YOUR OBJECTIVE: Write an exact copy of the entries below that leaves out all pictures.

DATA RECORDS:

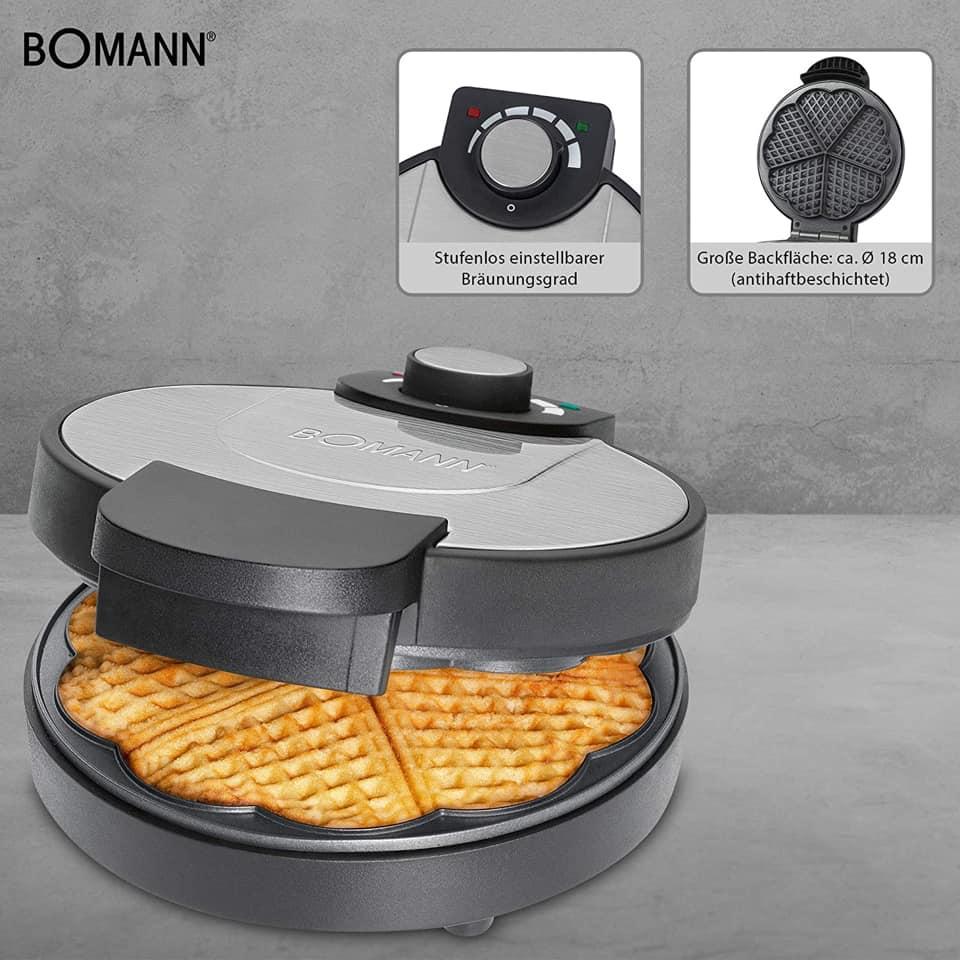 Máy Nướng Bánh WAFFLE BOMANN, Máy Làm Bánh Ngọt, Mặn, Công Suất 1200W, Nhập Đức, BH 12 Tháng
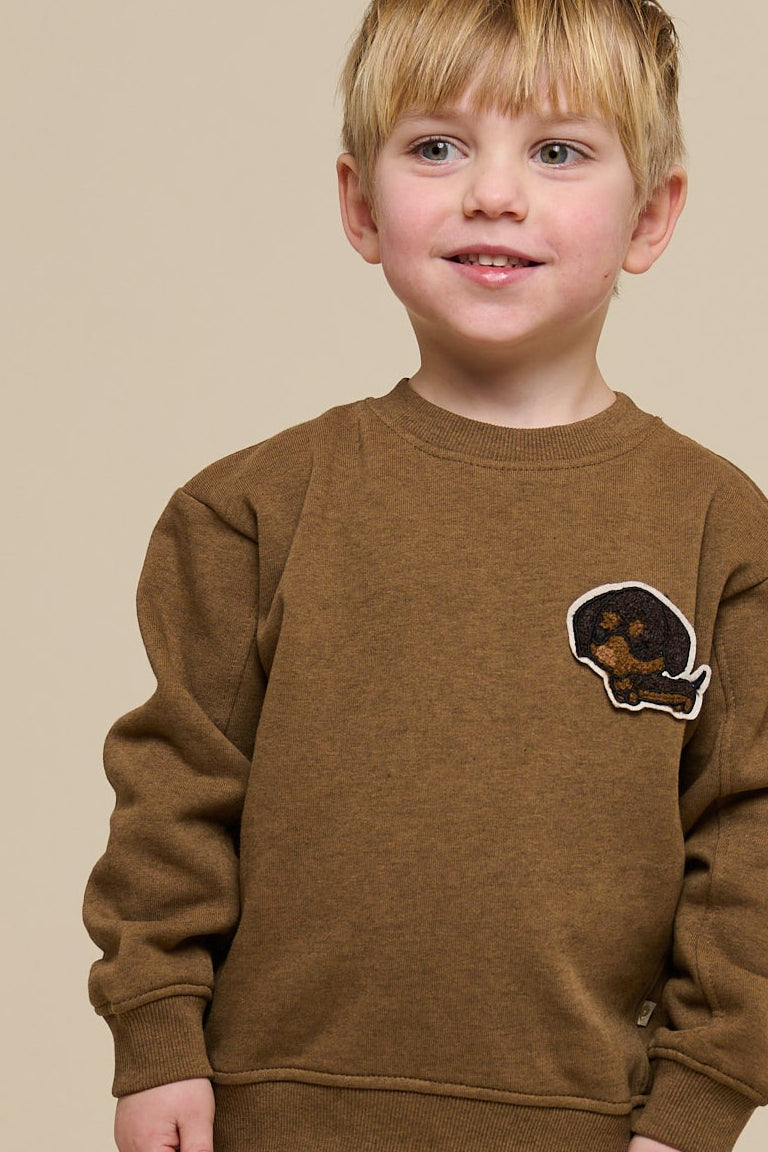 Sweatshirt med rund hals - Kids - Coffe Melange | 100890 Justin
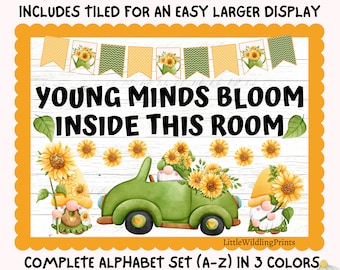 Sunflower Gnomes Bulletin Board Kit, Blooming Floral Car School Positive Mind, Teacher Classroom Printable Decor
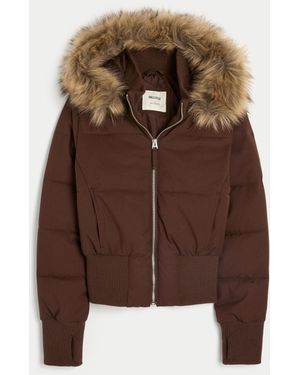 Hollister Faux Fur Trim Puffer Bomber Jacket - Brown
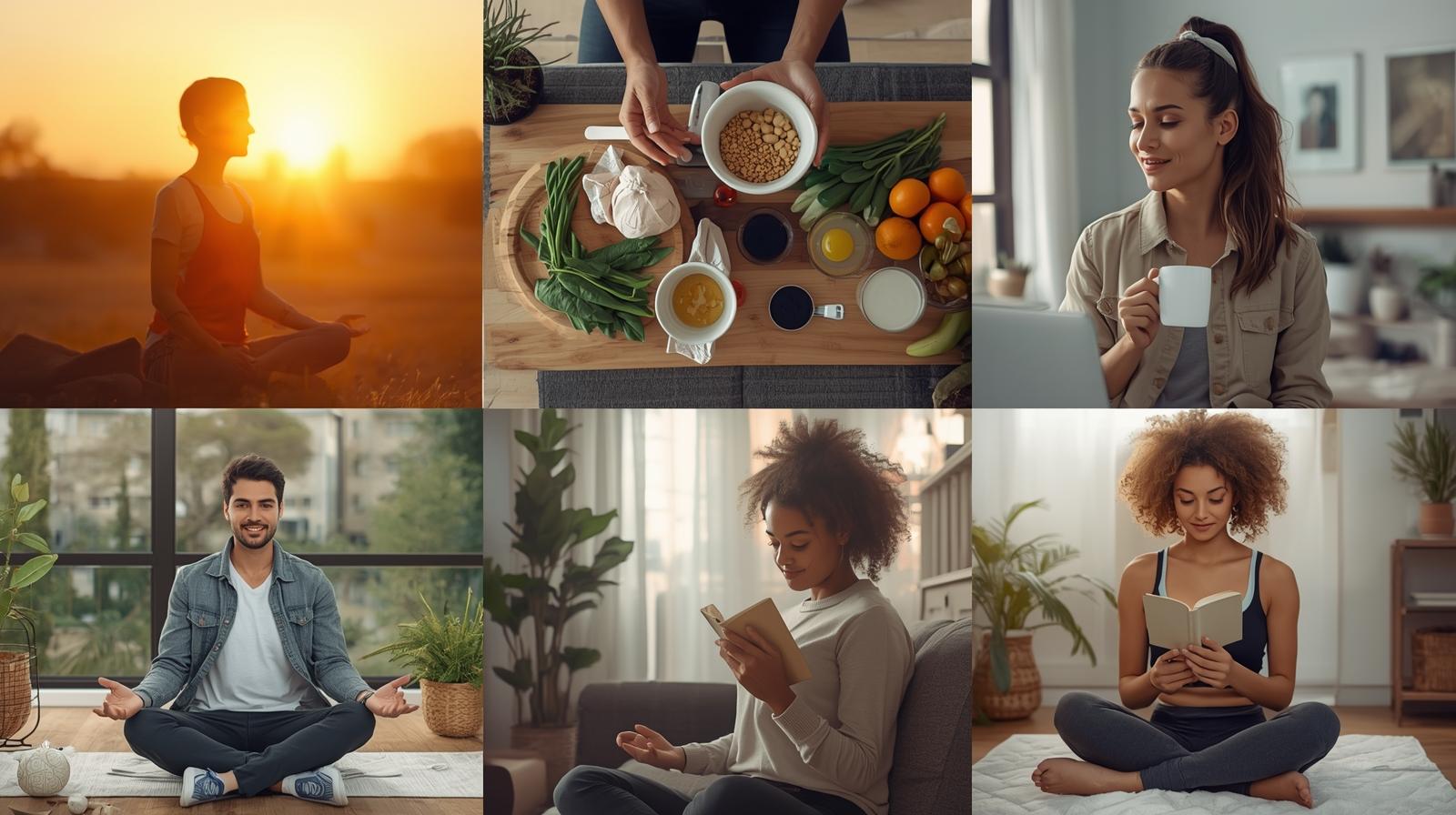 Montagem de fotos mostrando hábitos diários que melhoram a saúde física e mental, como meditação ao sol, alimentação saudável, leitura e produtividade consciente.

SOLUTION TO THIS EXERCISE:
 Máy Nướng Bánh WAFFLE BOMANN, Máy Làm Bánh Ngọt, Mặn, Công Suất 1200W, Nhập Đức, BH 12 Tháng
 Sweatshirt med rund hals - Kids - Coffe Melange | 100890 Justin
 Sunflower Gnomes Bulletin Board Kit, Blooming Floral Car School Positive Mind, Teacher Classroom Printable Decor
 Hollister Faux Fur Trim Puffer Bomber Jacket - Brown
 Montagem de fotos mostrando hábitos diários que melhoram a saúde física e mental, como meditação ao sol, alimentação saudável, leitura e produtividade consciente.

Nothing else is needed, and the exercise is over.